I am fairly new to PySpark/Hive and I have a problem:
I have a dataframe and want to write it as a paritioned table to HDFS. So far, I've done that via:
df = spark.sql('''
CREATE EXTERNAL TABLE database.df(
ID STRING
)
PARTITIONED BY (
DATA_DATE_PART STRING
)
STORED AS PARQUET
LOCATION 'hdfs://path/file'
''')
df.createOrReplaceTempView("df")
df = spark.sql('''
INSERT INTO database.df PARTITION(DATA_DATE_PART = '{}')
SELECT ID
FROM df
'''.format(date))
But as with growing dataframes, instead of having to define all columns, I thought there is a better solution to this:
df.write.mode('overwrite').partitionBy('DATA_DATE_PART').parquet("/path/file")
However, a table like this I cannot access via spark.sql nor see it in my HUE browser. I can see it though via PySpark shell: hdfs dfs -ls /path/
So my question, why is that? I've read that parquet files can be special when reading with SQL but my first script does well and the tables are visible everywhere.

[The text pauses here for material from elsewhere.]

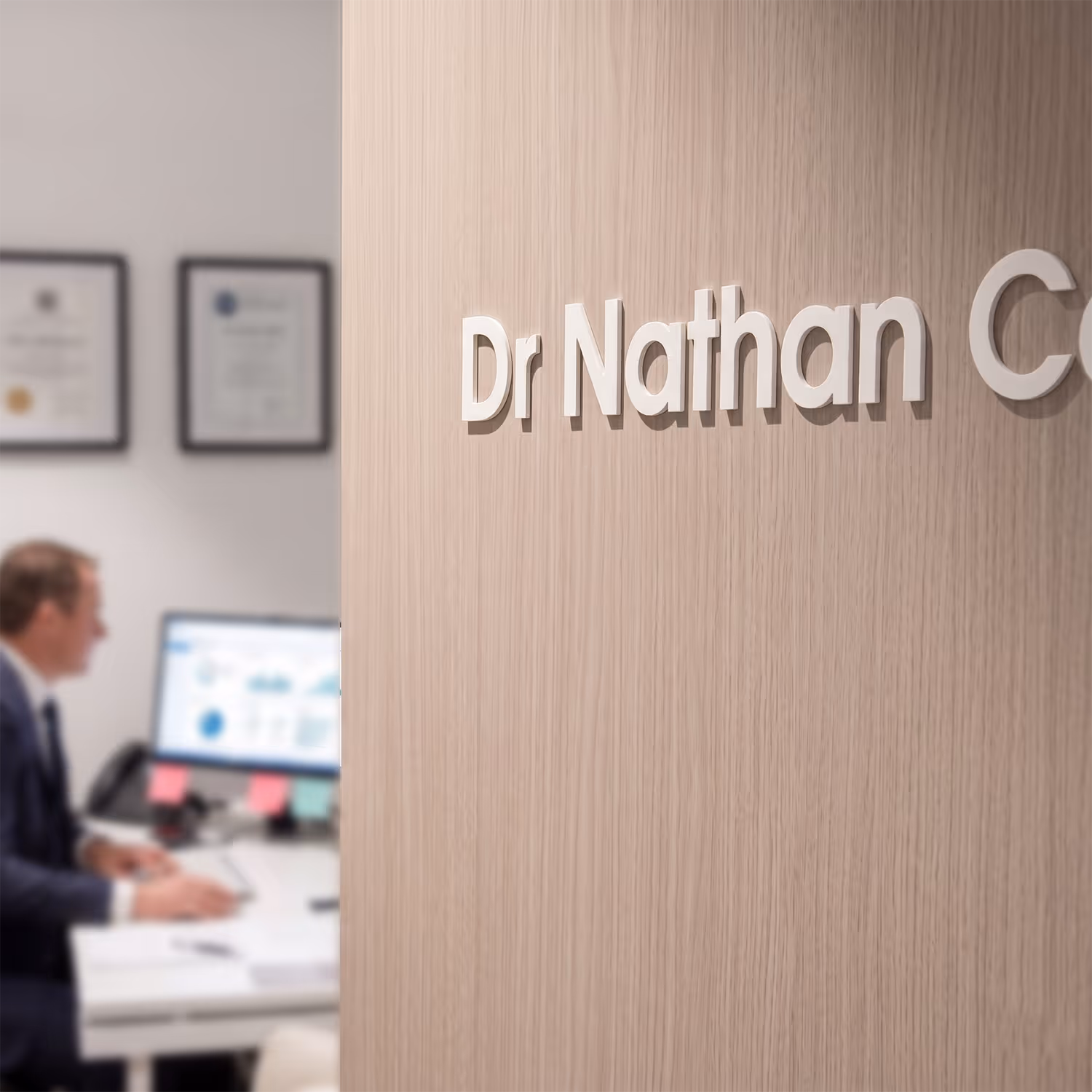 A close up image of the Dr Nathan Connelly’s office door during a consultation.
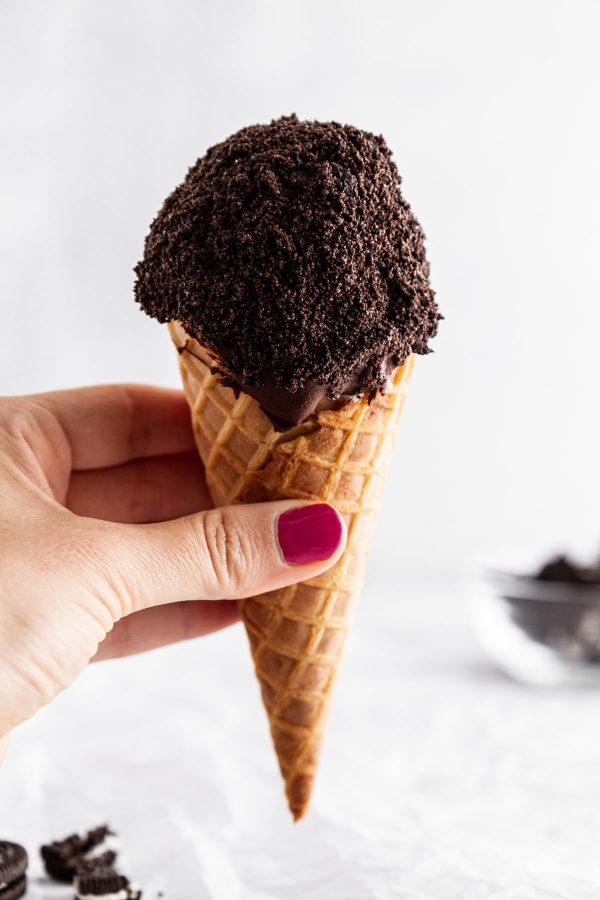 hand holding one cookies and cream ice cream drumstick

CodePudding user response:
You just need to use saveAsTable
function for that (doc). By default it stores data in the default location, but you can use the path
option to redefine it & make a table "unmanaged" (see this doc for more details). Just use following code:
df.write.mode('overwrite').partitionBy('DATA_DATE_PART') \
.format("parquet") \
.option("path", "/path/file") \
.saveAsTable("database.df")